Right off the bat in the 2011 Oscar broadcast, the theme from the 1939 classic "Gone With The Wind" was used as a backdrop for the appearance of Tom Hanks, the first presenter of the night.  I thought to myself, "Did someone nominate "GWTW" THIS year?"   Whose idea was it to kick off the show with that one film's theme?  Someone had best help this orange county casino party company with where all of that was supposed to go.

It was clumsy, was a VERY loose fity fit with what Hanks was presenting that night, and to top it off, later on, if I remember correctly, the theme from "Shrek" was used for what was it, ART Direction, or something?  "Shrek?"  Really?  Well, it's nice to know that the Academy places that all-time classic, "Shrek," right up there with "Gone With The Wind."  Yeah, right.  This broadcast, like Shrek himself, was "Far, Far Away."

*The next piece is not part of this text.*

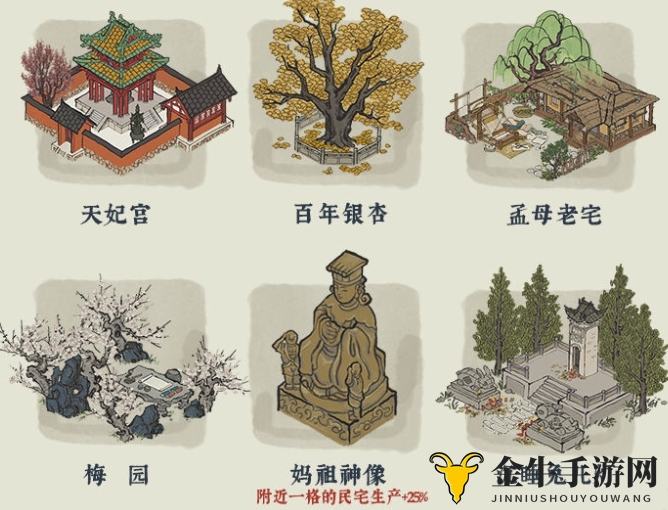 江南百景图金华火腿获取方法 金华火腿怎么获得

Yep, Me and Clark Gable.  Ask Tom Hanks.

Were those the only two times that type of segue was used during the telecast?   If so, that was ONE good usage of the proverbial "DUMP" button.  The OTHER?  That had to be when Melissa Leo, who won for Best Supporting Actress, forced the guy manning the "DUMP" button to use it when she uttered the "F" word when giving her acceptance speech.  Hey, she was still in character!

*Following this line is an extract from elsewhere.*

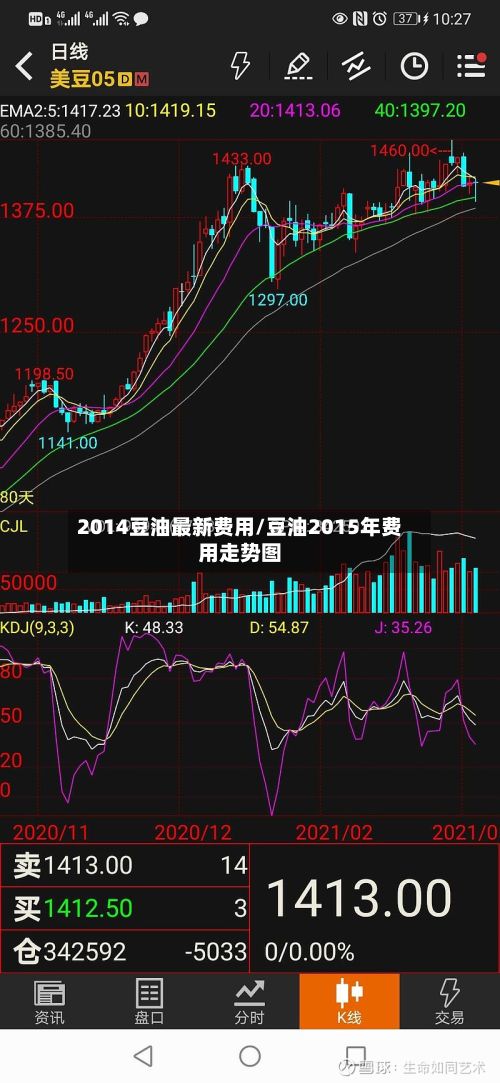 2014豆油最新费用/豆油2015年费用走势图-第2张图片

Don't worry, Melissa.  After three hours of THAT Oscar broadcast, I must have used that word about five more times, courtesy of the timing-challenged hack that IS James Franco. 

And when you watch the Oscars every year, don'cha just LOVE it when the telecast pays homage to all the great films of the past, showing short clips from all the masterpieces that Hollywood has made over these many years?  I know I love it, but it appears that THIS broadcast didn't have any TIME for drivel like that.  The good news?  The broadcast only ran over it's alloted time by about 14 minutes.  The BAD news?  They didn't touch on ANYTHING "Hollywood!"  Someone tell ABC to get back to showing what makes Hollywood great, and forget about Anne Hathaway singing about her missing duet partner.

Then, when you move to the last hour or so of the broadcast, was there ANYONE in the viewing audience that DIDN'T know that Portman, Hooper, Firth, and "The King's Speech"  were going to take home the gold?  There wsn't any mystery or drama involved with the Oscars, in my not-so-humble opinion.  We have awards shows like the Golden Globes and the Writer's and/or Director's Guild Guild Awards Ceremonies to thank for that.

#1 -- Did I mention James Franco?

Oh.  Yeah, I guess I did.  I knew Franco was toast the minute the dog began to growl at the screen whenever Franco appeared.  The only other time our Aces Casino mascot did that was when somebody turned on a Pauly Shore film.

Not good company to be in, James, not good at all.